- _EXERCISE DATA_:
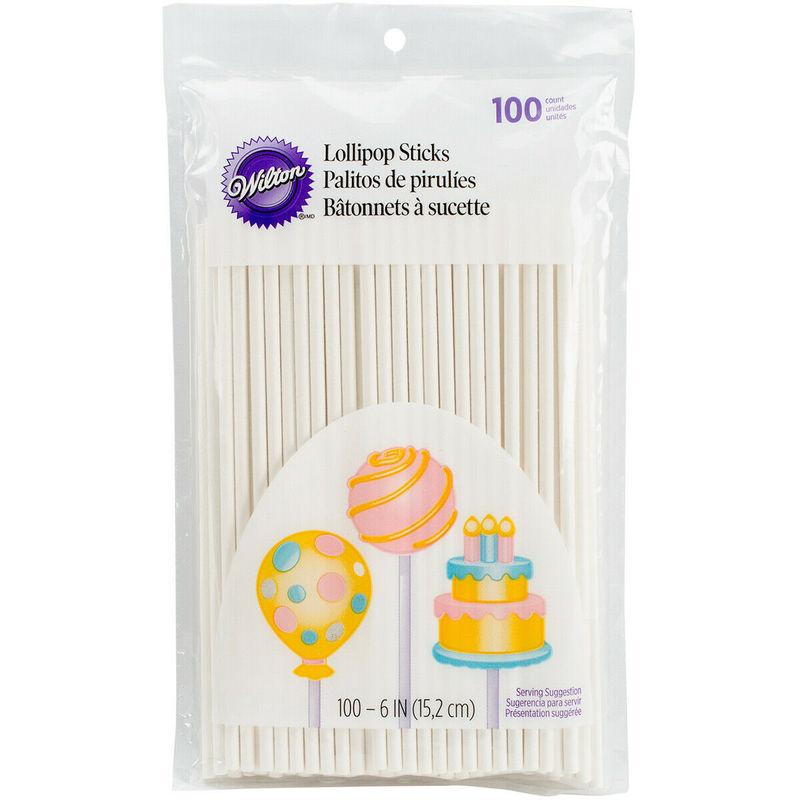 Wilton Lollipop Stick Paper 6" 1912-1002  - 100 Pc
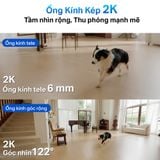  Camera An Ninh Tapo C245D Ống Kính Kép 2K | Quan Sát Cùng Lúc 2 Vùng, Đàm Thoại Hai Chiều 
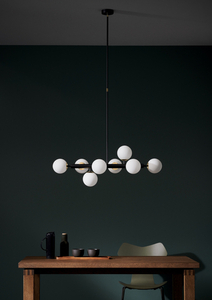 KASPA CUMULUS 2 black/gold pendant lamp small 1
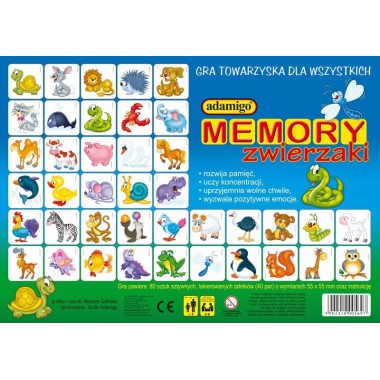 Adamigo Memory Mini - Zwierzaki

- _PROBLEM REQUIREMENTS_: Give back the whole listing exactly, without pictures.

- _YOUR RESPONSE_:
 Wilton Lollipop Stick Paper 6" 1912-1002  - 100 Pc
  Camera An Ninh Tapo C245D Ống Kính Kép 2K | Quan Sát Cùng Lúc 2 Vùng, Đàm Thoại Hai Chiều 
 KASPA CUMULUS 2 black/gold pendant lamp small 1
 Adamigo Memory Mini - Zwierzaki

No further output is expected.